Prompt |
Could you repeat the listing exactly, leaving out the pictures?
##### Data segment #####
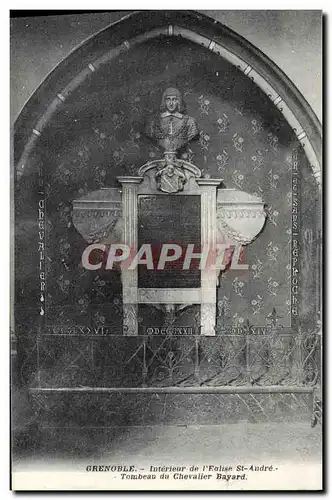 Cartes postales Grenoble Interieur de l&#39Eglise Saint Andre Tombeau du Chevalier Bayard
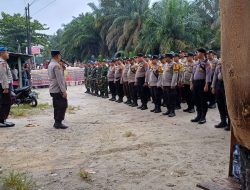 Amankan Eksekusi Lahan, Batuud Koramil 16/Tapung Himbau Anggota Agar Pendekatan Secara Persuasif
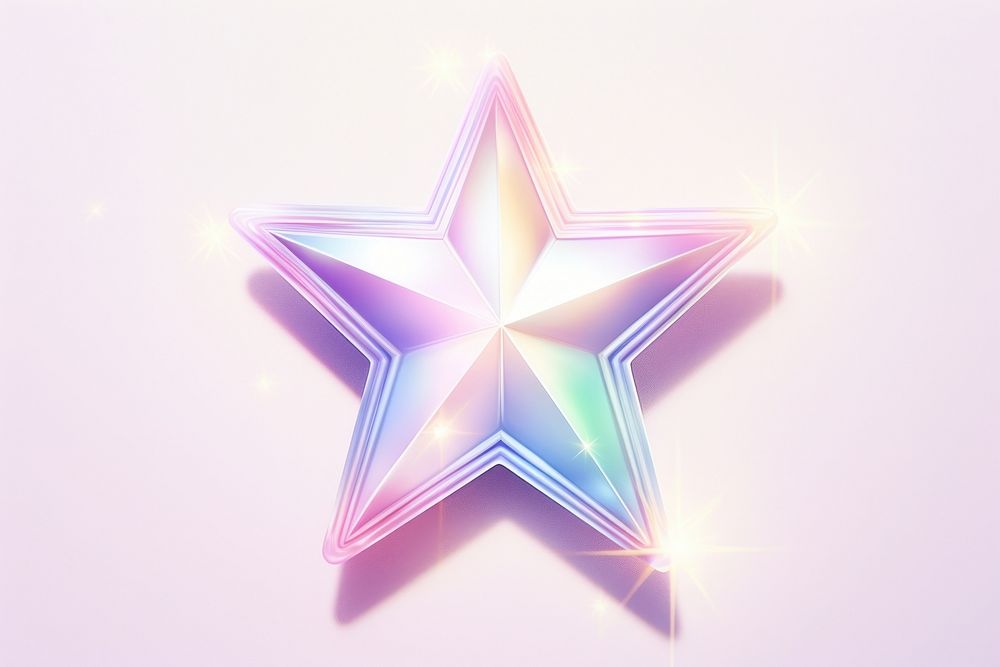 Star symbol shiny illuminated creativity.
#####
Answer section |
 Cartes postales Grenoble Interieur de l&#39Eglise Saint Andre Tombeau du Chevalier Bayard
 Amankan Eksekusi Lahan, Batuud Koramil 16/Tapung Himbau Anggota Agar Pendekatan Secara Persuasif
 Star symbol shiny illuminated creativity.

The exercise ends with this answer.